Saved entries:

....

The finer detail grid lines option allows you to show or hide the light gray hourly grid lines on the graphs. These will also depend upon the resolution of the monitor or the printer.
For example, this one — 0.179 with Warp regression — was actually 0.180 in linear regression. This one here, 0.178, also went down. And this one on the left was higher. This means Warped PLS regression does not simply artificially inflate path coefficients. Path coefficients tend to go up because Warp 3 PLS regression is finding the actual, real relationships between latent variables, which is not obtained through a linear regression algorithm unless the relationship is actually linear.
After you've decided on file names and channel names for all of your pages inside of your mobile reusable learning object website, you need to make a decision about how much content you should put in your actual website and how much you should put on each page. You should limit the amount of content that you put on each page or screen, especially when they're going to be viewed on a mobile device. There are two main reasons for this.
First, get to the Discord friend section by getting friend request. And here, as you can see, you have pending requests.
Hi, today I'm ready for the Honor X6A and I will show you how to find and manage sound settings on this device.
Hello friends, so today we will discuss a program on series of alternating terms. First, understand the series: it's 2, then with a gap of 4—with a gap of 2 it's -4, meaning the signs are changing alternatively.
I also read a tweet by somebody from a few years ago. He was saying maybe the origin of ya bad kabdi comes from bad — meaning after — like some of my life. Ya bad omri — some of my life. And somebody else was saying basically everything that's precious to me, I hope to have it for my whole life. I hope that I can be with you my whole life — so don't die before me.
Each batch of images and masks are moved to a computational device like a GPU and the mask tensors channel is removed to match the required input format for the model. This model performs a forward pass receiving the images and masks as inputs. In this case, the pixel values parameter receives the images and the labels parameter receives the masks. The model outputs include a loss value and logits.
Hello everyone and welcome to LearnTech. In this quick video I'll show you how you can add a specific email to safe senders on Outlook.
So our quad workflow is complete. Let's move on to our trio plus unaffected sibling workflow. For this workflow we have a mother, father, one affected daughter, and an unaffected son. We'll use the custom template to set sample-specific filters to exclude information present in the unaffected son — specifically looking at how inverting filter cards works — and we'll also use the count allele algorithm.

....

• Work instructions:
Your answer should be an exact transcription of the data above.

• Task response:
The finer detail grid lines option allows you to show or hide the light gray hourly grid lines on the graphs. These will also depend upon the resolution of the monitor or the printer.
For example, this one — 0.179 with Warp regression — was actually 0.180 in linear regression. This one here, 0.178, also went down. And this one on the left was higher. This means Warped PLS regression does not simply artificially inflate path coefficients. Path coefficients tend to go up because Warp 3 PLS regression is finding the actual, real relationships between latent variables, which is not obtained through a linear regression algorithm unless the relationship is actually linear.
After you've decided on file names and channel names for all of your pages inside of your mobile reusable learning object website, you need to make a decision about how much content you should put in your actual website and how much you should put on each page. You should limit the amount of content that you put on each page or screen, especially when they're going to be viewed on a mobile device. There are two main reasons for this.
First, get to the Discord friend section by getting friend request. And here, as you can see, you have pending requests.
Hi, today I'm ready for the Honor X6A and I will show you how to find and manage sound settings on this device.
Hello friends, so today we will discuss a program on series of alternating terms. First, understand the series: it's 2, then with a gap of 4—with a gap of 2 it's -4, meaning the signs are changing alternatively.
I also read a tweet by somebody from a few years ago. He was saying maybe the origin of ya bad kabdi comes from bad — meaning after — like some of my life. Ya bad omri — some of my life. And somebody else was saying basically everything that's precious to me, I hope to have it for my whole life. I hope that I can be with you my whole life — so don't die before me.
Each batch of images and masks are moved to a computational device like a GPU and the mask tensors channel is removed to match the required input format for the model. This model performs a forward pass receiving the images and masks as inputs. In this case, the pixel values parameter receives the images and the labels parameter receives the masks. The model outputs include a loss value and logits.
Hello everyone and welcome to LearnTech. In this quick video I'll show you how you can add a specific email to safe senders on Outlook.
So our quad workflow is complete. Let's move on to our trio plus unaffected sibling workflow. For this workflow we have a mother, father, one affected daughter, and an unaffected son. We'll use the custom template to set sample-specific filters to exclude information present in the unaffected son — specifically looking at how inverting filter cards works — and we'll also use the count allele algorithm.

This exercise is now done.